Douleurs sévères, longues souffrances ou forte anxiété. La Confédération n'utilise que des superlatifs pour décrire les expériences animales dites pénibles. Et cela concerne de plus en plus de souris, rats, etc. En 2022, 27'030 animaux ont dû subir des interventions particulièrement douloureuses – une augmentation de 5% par rapport à l'année précédente.

Après une forte baisse au début des années 80, le nombre total d'expériences sur des animaux reste constant depuis environ 20 ans. Et ce, bien que la Confédération affirme depuis des années vouloir limiter les expériences sur les animaux et qu'elle parle aussi de millions pour cela.

Depuis 1987, 12 millions ont été investis dans la fondation 3R – en anglais, les «R» signifient «replace» (remplacer), «reduce» (réduire) et «refine» (améliorer). Il y a trois ans, 20 millions supplémentaires ont été investis dans un programme national de recherche afin de continuer à promouvoir les 3R.

40'000 signatures

«Avec des chiffres qui stagnent, il faut remettre en question l'utilité des 3R», déclare Stefan Kunz d'Animalfree Research. Avec d'autres défenseurs des animaux, l'organisation a donc déposé lundi une pétition munie de plus de 40'000 signatures.

Alors que l'initiative pour l'interdiction de l'expérimentation animale en 2022 a reçu un camouflet dans les urnes, la pétition est plus modérée et vise surtout les expérimentations animales contraignantes: «Nous demandons un plan d'abandon progressif», explique Stefan Stefanz. L'organisation prône en outre des objectifs contraignants pour promouvoir des alternatives sans expériences sur des animaux.

«Un manque de volonté»

Même Nico Müller, chercheur dans le cadre du programme national de recherche 3R, critique la démarche de la Confédération. «C'est surtout dans les universités et dans la recherche fondamentale que de nombreuses expériences sur les animaux sont réalisées, bien que les possibilités soient souvent flexibles.»

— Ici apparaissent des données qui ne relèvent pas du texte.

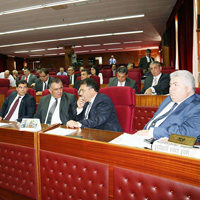 Meclis’in olaan toplants pazartesi gnne ertelendi 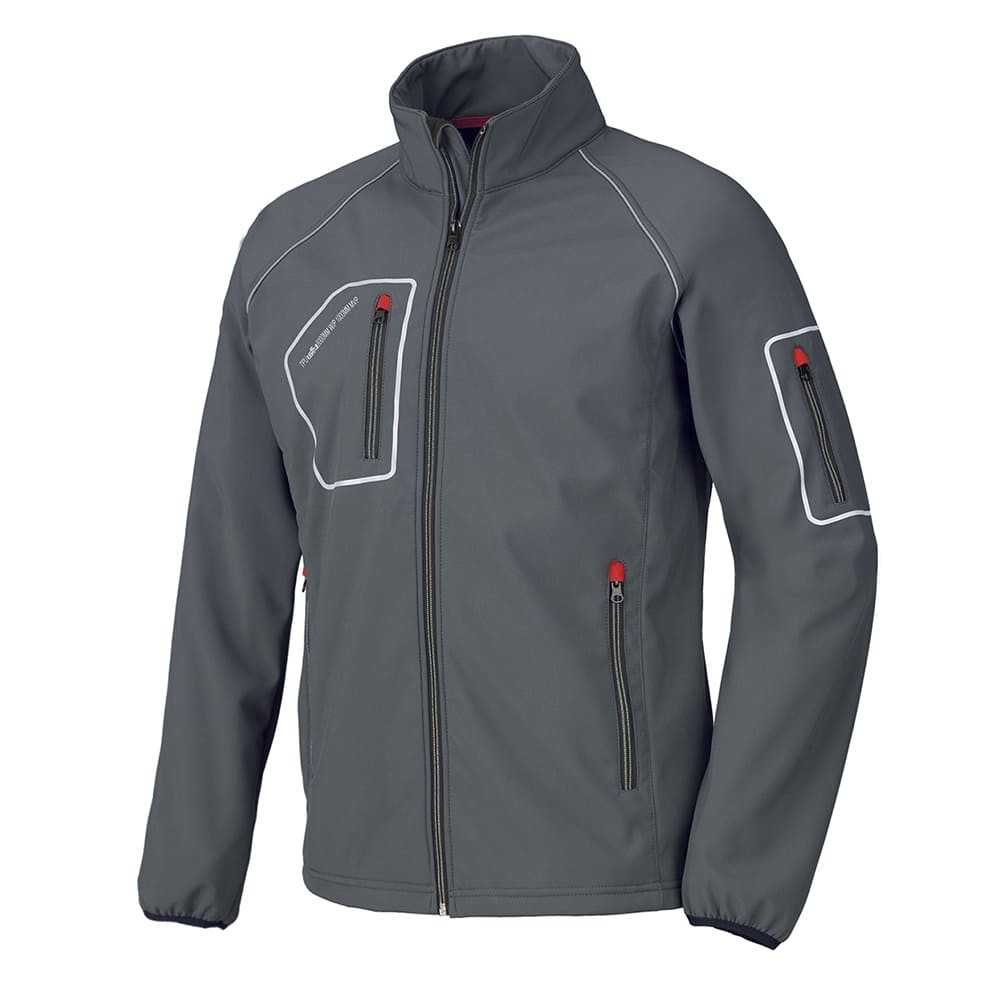 Giacca in Softshell ISSA LINE - 04515N Just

C'est-à-dire qu'indépendamment des donneurs d'ordre de l'industrie et des directives légales, des méthodes alternatives seraient disponibles. Cela montre que «le problème n'est pas seulement un manque d'options, mais un manque de volonté», conclut Nico Müller.

Les instituts de recherche comme moteurs

En effet, en 2022, 57% des expériences sur animaux ont été réalisés dans des universités et des hôpitaux. Et les instituts publics font venir de plus en plus d'animaux en laboratoire: au cours des 20 dernières années, le nombre d'expériences a doublé pour atteindre plus de 300'000. Dans le même temps, la Confédération tente précisément d'empêcher cela avec des fonds publics.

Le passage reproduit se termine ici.